Rithmic API for Python

Discussion in 'Automated Trading' started by IAS_LLC, Jul 28, 2019.

  1. IAS_LLC

    IAS_LLC

    Pybind11. I've tried swig, but it only works for very basic stuff.

    Also, to be clear, I'm not embedding the interpreter in c++ (although one could). I'm going the other direction. Running c++ code from python.
     
    Last edited: Aug 3, 2019
    #21     Aug 3, 2019
    rohan2008 likes this.
  2. I’m wrestling with a similar thing conceptually so I’m really interested in your implementation. Apologies if my answers lie somewhere above.
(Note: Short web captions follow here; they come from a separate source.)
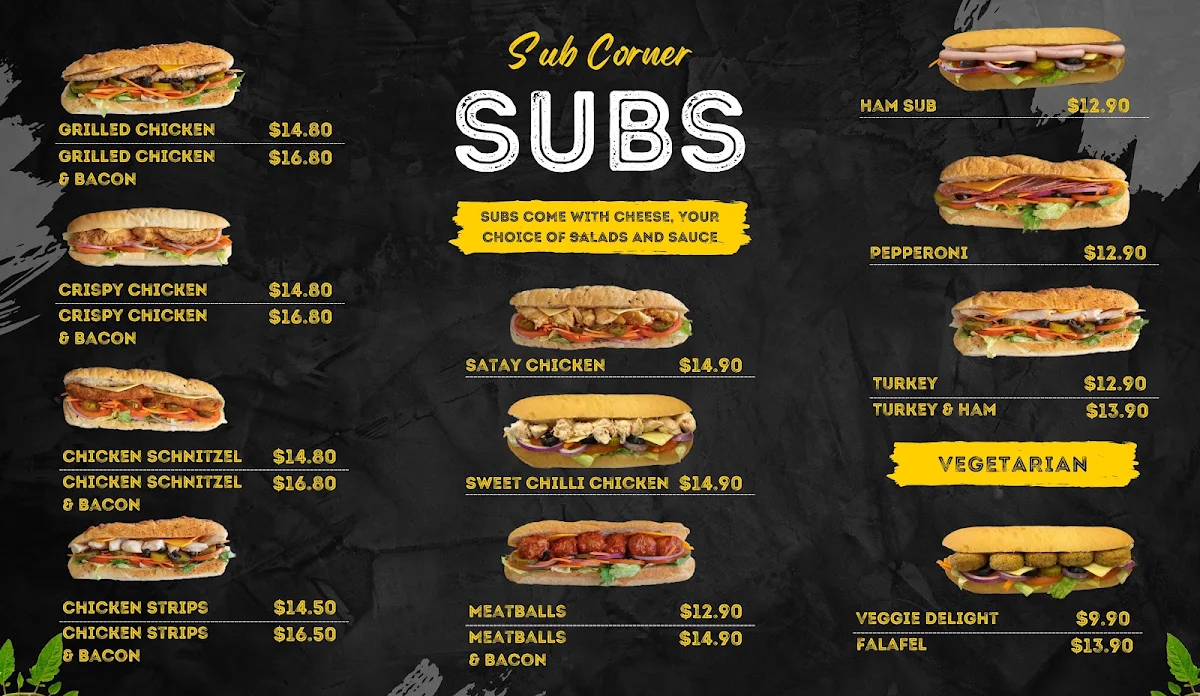 Menu, Sub Corner Crookwell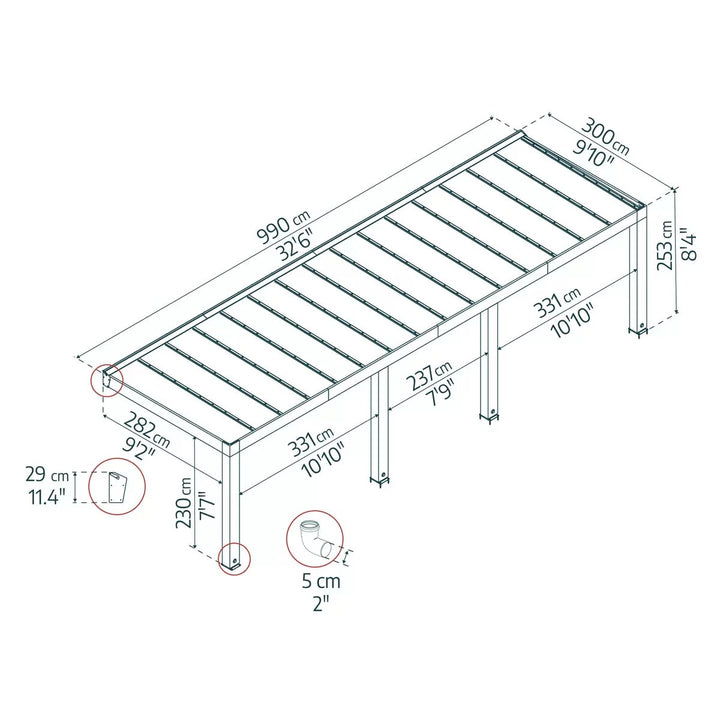 Palram Canopia Helsinki 9ft 10" x 32ft 6" (3m x 9.9m) Cedar Wood Patio Cover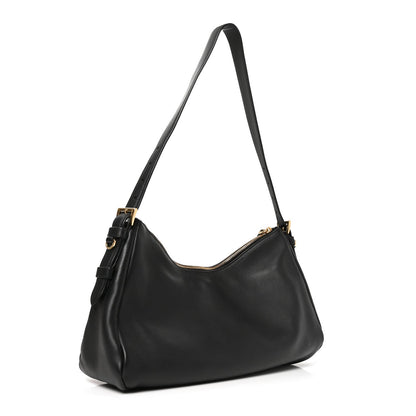 Prada Soft Calfskin Large Aimée Shoulder Bag Black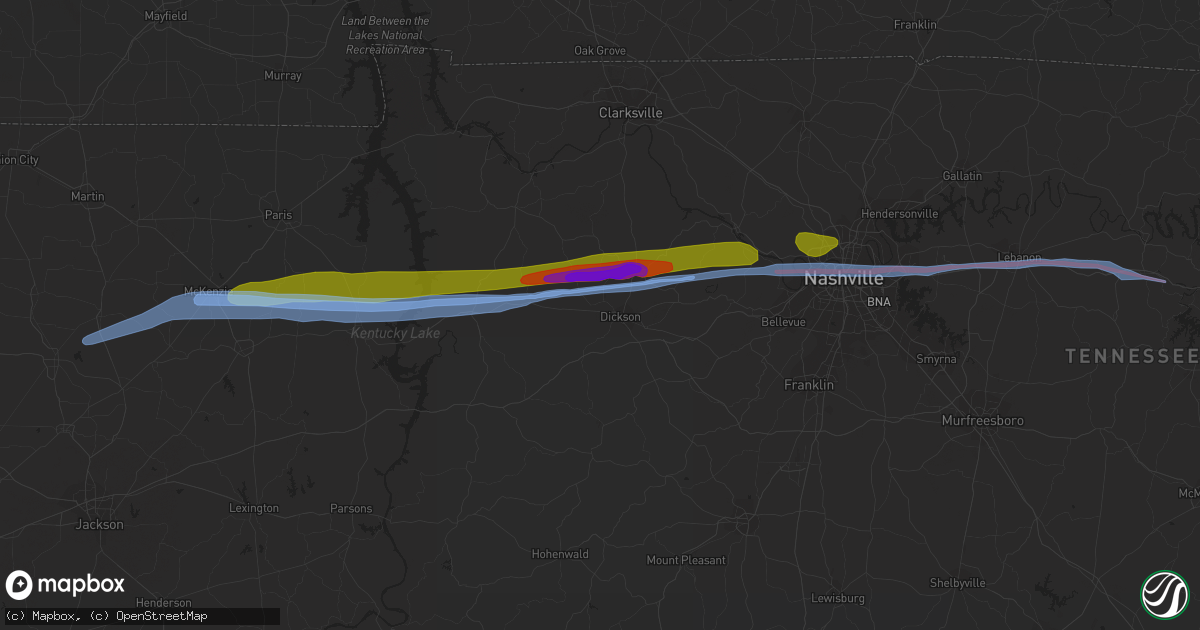 Hail map in Dickson, TN on March 2, 2020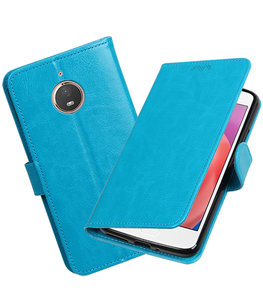 Turquoise Portemonnee booktype Hoesje voor Motorola Moto E4 Plus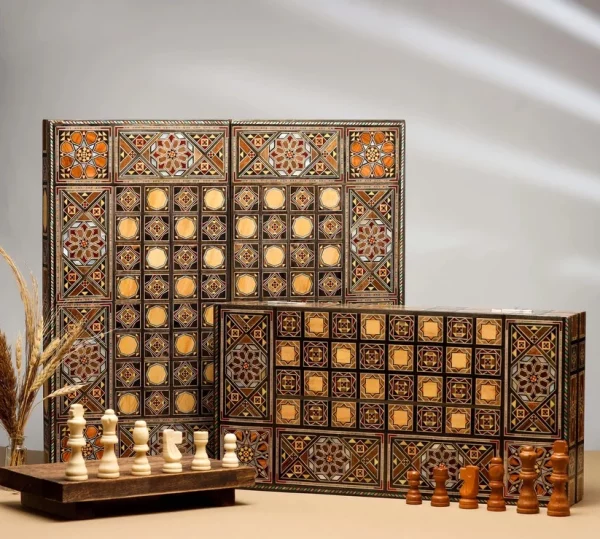 Wooden Chess set- BACKGAMMON PIECES -Folding chess Board, with closing lid Mosaic handmade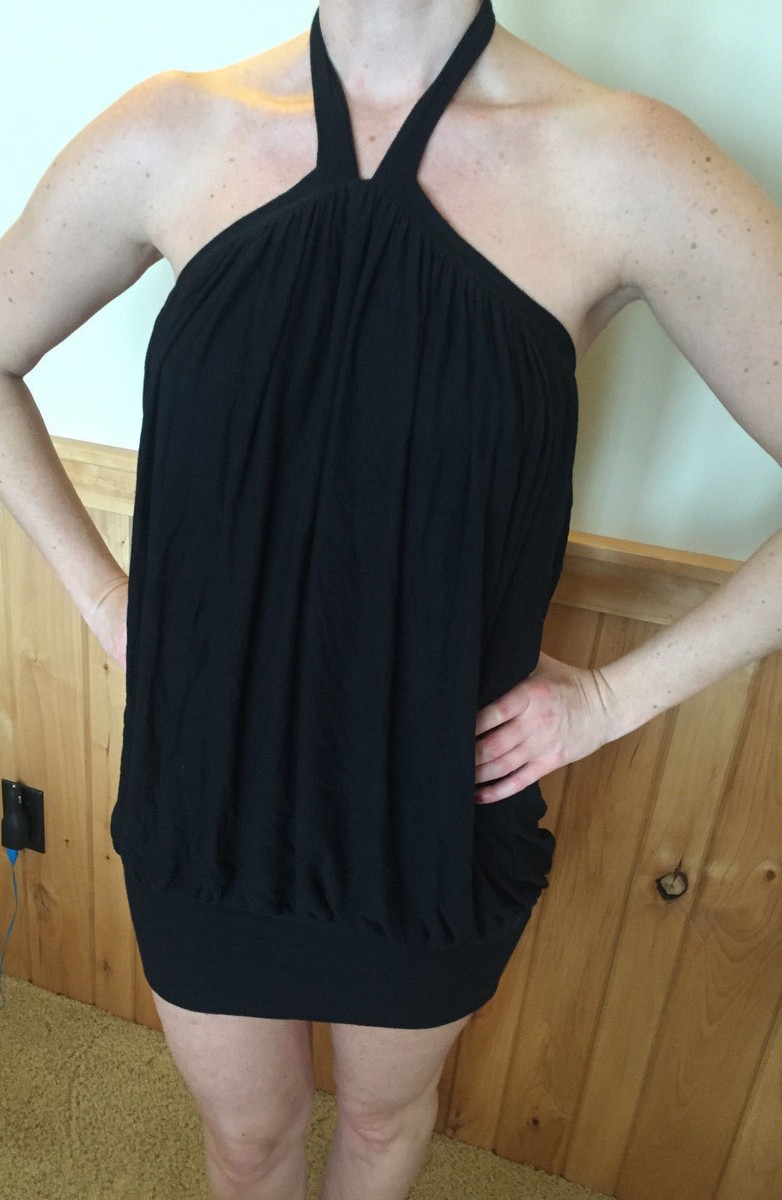 t bags halter dress T-BAGS LOS ANGELES Women's Black Bubble Mini Halter Dress Size Small NEW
    What I want: high level APIs that abstract away the particulars of any single vendors API in my language of choice.
    What I’ve come up with: Using my limited/developing engineering toolset the best approach I have found is wrapping each vendor SDK in a web server that exposes their API via REST. So the vendor APIs still have different method signatures but at least there’s some uniform way I can call them from outside of that particular C#/C++ process. Note that I haven’t even made it to the part where I need to forward the streaming data back to the calling context. I just have mocks used for testing that simulate authenticating and instantiating. So we may yet complicate further by using a message bus to handle the actual delivery of data from vendor to the calling context because I’m not sure REST is gonna work there. Trying not to put the horse before the carriage...may end up going entirely message based if half of it is already on a message bus but I’m hoping to not need to do any of this so let’s table it.
    Why this approach is bad: I haven’t even made it far enough to determine if it’s my own incompetence or me putting myself in a microservice hell, but this has been extremely difficult to dockerize and deploy. Too many containers being built too many different ways. Even while using gradle to abstract away the different build tool chains I’m still in a place where integration testing is tough.

    Would really like to find some way to just magically embed the vendors SDK calls into my calling language of choices runtime, e.g. use JNI from java for example to call the C++ thus freeing me from this microservice debacle, but will that work? I don’t really know how these embedded calls work, but you can’t just call the C++ statically, obviously, right? Your vendor SDK process has some state—needs to know you’re authenticated, what you’re subscribed to, etc. Is there a way I can somehow do these embedded calls and have the vendor SDKs state preserved between calls within one container? Thus I don’t need to have a microservice deployment model that spans multiple languages.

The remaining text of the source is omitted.